Les entretiens réalisés avec les agents de la régulation routière ont révélé une autre forme d’indiscipline des usagers de la circulation. Cette indiscipline s’explique par l’utilisation des téléphones au volant, le non-respect des panneaux de signalisation et les feux tricolores. Leurs témoignages montrent que la plupart des accidents de la circulation qui se produisent dans les points de croisement des feux tricolores sont dus au non respect des règles de circulation des conducteurs. En effet, certains conducteurs des engins en profitant de l’absence des agents de régulation routière forcent le passage sans attendre que les feux tricolores leur donnent la priorité pour passer. Cette attitude provoque des accidents. Selon leur dire, les piétons sont parmi les principales victimes des conducteurs indisciplinés qui sont majoritairement des conducteurs de motos. Les statistiques de l’ANASER Ségou (2020, p. 2) révèlent que 22,02% des piétons sont victimes des accidents de la circulation à cause de l’indiscipline des conducteurs dans la ville de Ségou. Parmi ces conducteurs indisciplinés  9,47% sont des automobilistes contre 12,55% pour les motocyclistes.
3.2.4. La surcharge des tricycles et des deux-roues motorisés, un facteur accidentogène
La surcharge des tricycles et des deux-roues motorisés est une pratique courante dans la ville de Ségou. Les informations obtenues auprès des agents de l’ANASER déployés sur le terrain indiquent que la surcharge implique principalement les motocyclistes et les conducteurs de tricycles. Selon ces informations, les jeunes écoliers et les étudiants propriétaires de motos, les conducteurs de tricycles et les forains qui viennent au grand marché de Ségou se livrent régulièrement à cette pratique. En effet, les places admises sur les motos ne doivent pas dépasser deux passagers. Pourtant, des écoliers et des étudiants montent à trois sur une même moto qui n’est pas souvent en bon état. Cela confirme les propos rapportés par le directeur régional de la protection civile qui atteste que : « Les engins utilisés dans la circulation routière notamment les motos se caractérisent par leur vétusté, leur mauvais état, le manque de rétroviseur sans oublier les pneus qui laissent à désirer ». Donc, il apparaît clairement que dans une telle condition, la surcharge devient un élément facilitateur des accidents dès lors qu’il y a une crevaison des pneus soit lorsque le conducteur percute un obstacle, il perd l’équilibre et le contrôle de son engin.
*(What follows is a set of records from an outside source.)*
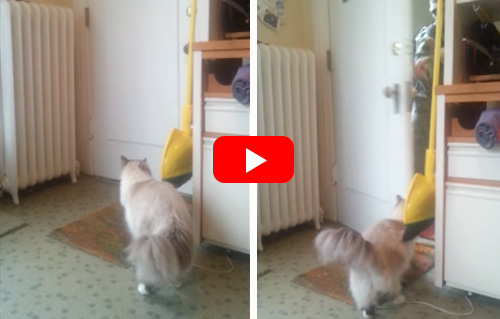 cat pictures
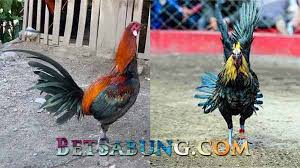 Maybe you would like to learn more about one of these? Gebby Eby Gebbyeby69 Twitter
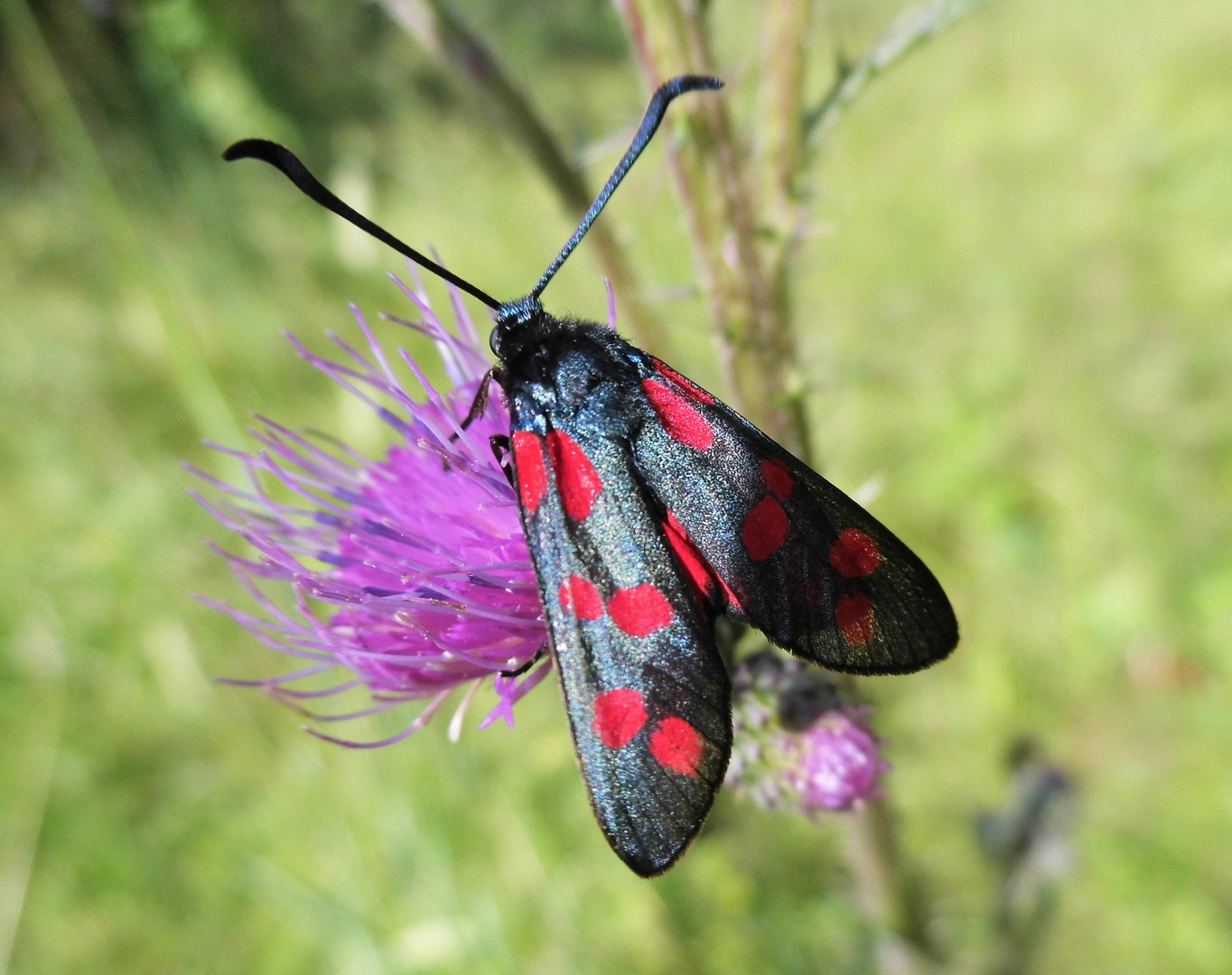 Sechsfleck-Widderchen (Zygaena filipendulae)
Les témoignages des agents de la police sur le cas des forains de la foire hebdomadaire de Ségou sont illustratifs. En effet, le jour de la foire de Ségou est le Lundi. Selon ces témoignages, de nombreux habitants des villages voisins viennent à la foire en moto. Ces motos sont utilisées comme des moyens de transport mixtes. En d’autres termes, elles sont surchargées de passagers et de bagages. A l’entrée de la ville, la circulation devient difficile pour ces conducteurs de moto du fait de la densité de la circulation et de personnes sur les voies. Il suffit de la moindre défaillance technique sur la moto généralement au niveau des freins pour qu’il y ait un accident.
 Les résultats des enquêtes montrent que plus de 60% des personnes interrogées affirment que les conducteurs de tricycles se livrent à la pratique de la surcharge. Par ailleurs, les témoignages recueillis auprès de ces conducteurs précisent que ceux-ci travaillent dans une logique de recette journalière au compte des propriétaires de leurs engins. Ainsi, selon ces conducteurs, la quête perpétuelle de la recette fait qu’ils n’hésitent pas à recourir à la surcharge.  De plus, l’augmentation du nombre de conducteurs de tricycles fait que la demande de la clientèle en termes de transport de bagages et de passagers devient faible. C’est pourquoi, ils n’hésitent pas à pratiquer la surcharge sur les voies publiques dans la ville de Ségou. Selon eux, le plus important est qu’ils conviennent avec leur client sur un prix négocié (Photo n°3).
Photo n°3 : Tricycle en état de surcharge
Source : Cliché personnel, 2021

3.3. L’installation des ronds-points amovibles, une stratégie palliative aux accidents de la circulation

La persistance des accidents de circulation dans la ville de Ségou a mobilisé les autorités et la société civile à mettre en place des stratégies pour améliorer la sécurité routière. Ces stratégies ont préconisé la mise en œuvre des mesures immédiates et futures. Selon le directeur régional de l’ANASER, l’une des concrétisations des mesures immédiates a été l’aménagement des ronds-points amovibles dans les carrefours les plus accidentogènes à partir de 2017 (voir photos 4 et 5). A l’appui de ses témoignages, il rapporte que « Cette mesure s’est révélée efficace car le nombre d’accidents a diminué passant de 8 à moins de 4 par jour dans les carrefours où les ronds-points amovibles ont été installés ». Il ressort clairement que la mise en place de ces ronds amovibles a été un important élément de réduction des accidents de circulation. Car certains lieux qui étaient accidentogènes avant l’avènement de ces ouvrages sont devenus moins accidentogènes avec leur mise en place (Carte n°3).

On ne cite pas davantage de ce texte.